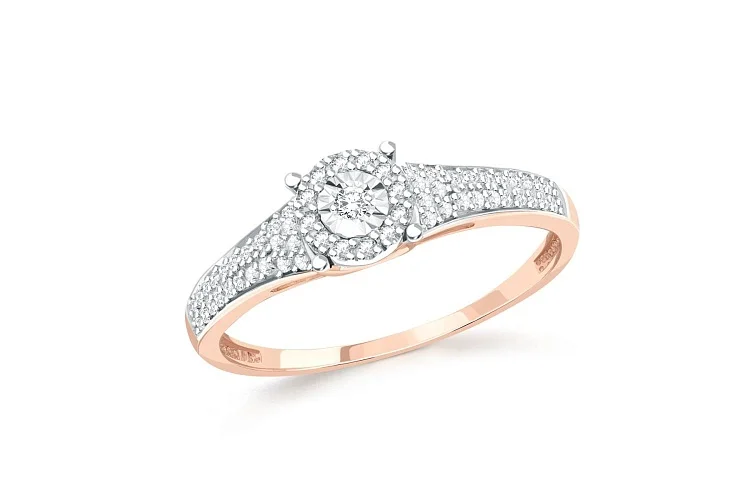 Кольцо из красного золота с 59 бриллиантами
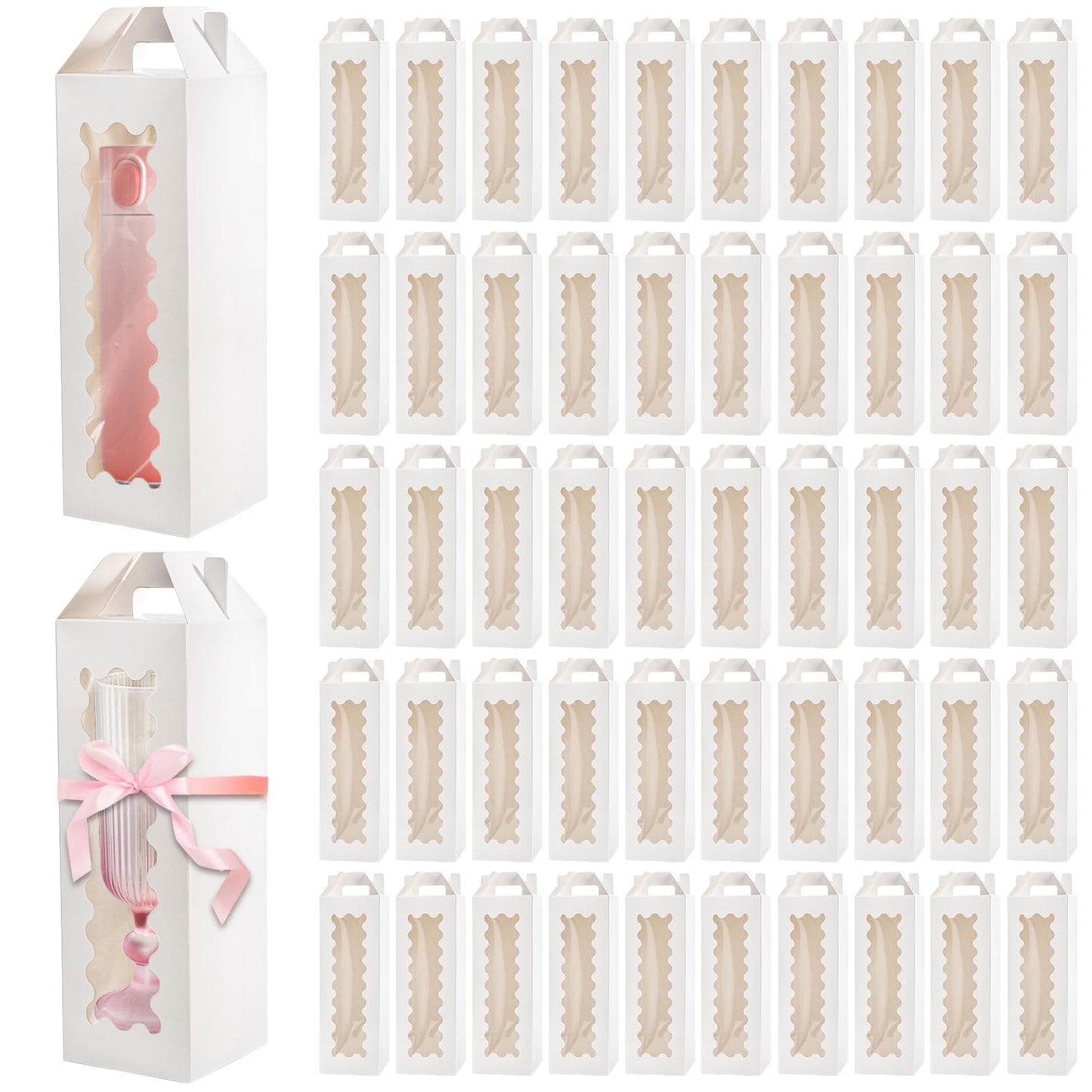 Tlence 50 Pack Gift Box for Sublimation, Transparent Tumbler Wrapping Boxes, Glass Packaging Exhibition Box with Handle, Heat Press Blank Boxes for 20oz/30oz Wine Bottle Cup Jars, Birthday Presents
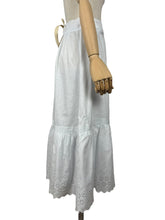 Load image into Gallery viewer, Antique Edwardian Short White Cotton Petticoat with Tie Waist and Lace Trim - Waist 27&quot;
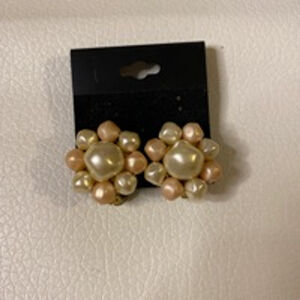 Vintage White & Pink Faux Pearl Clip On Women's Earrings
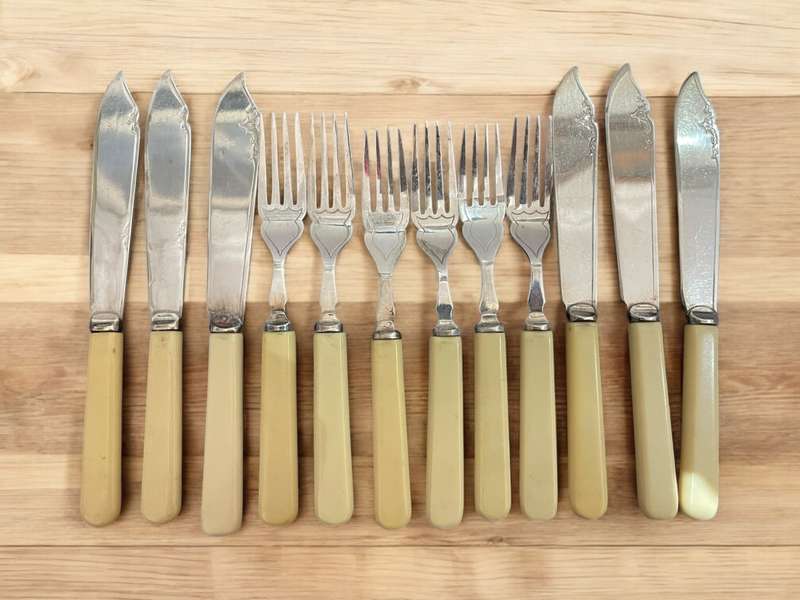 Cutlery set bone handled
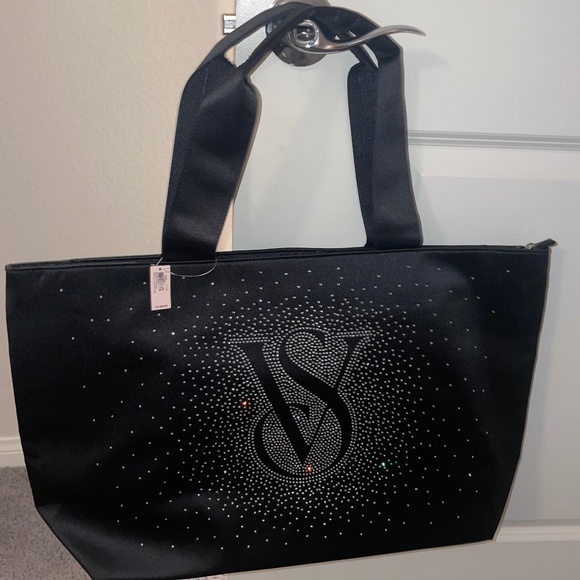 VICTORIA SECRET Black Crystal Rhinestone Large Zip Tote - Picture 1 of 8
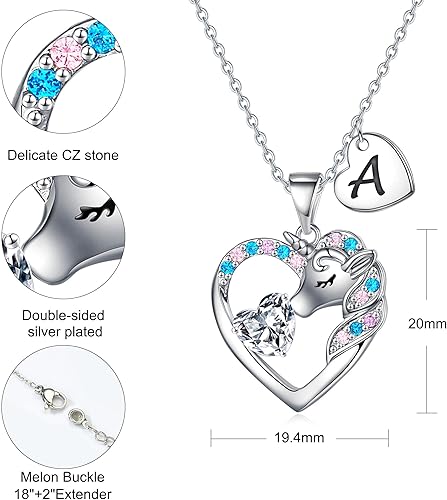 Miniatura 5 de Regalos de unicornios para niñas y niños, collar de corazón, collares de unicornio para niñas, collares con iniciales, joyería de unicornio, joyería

__Assignment__:
Only the lines from the one containing "Vintage White &" through the last line of the data may appear in the answer, each given again exactly and with pictures left out.

__Written response__:
 Vintage White & Pink Faux Pearl Clip On Women's Earrings
 Cutlery set bone handled
 VICTORIA SECRET Black Crystal Rhinestone Large Zip Tote - Picture 1 of 8
 Miniatura 5 de Regalos de unicornios para niñas y niños, collar de corazón, collares de unicornio para niñas, collares con iniciales, joyería de unicornio, joyería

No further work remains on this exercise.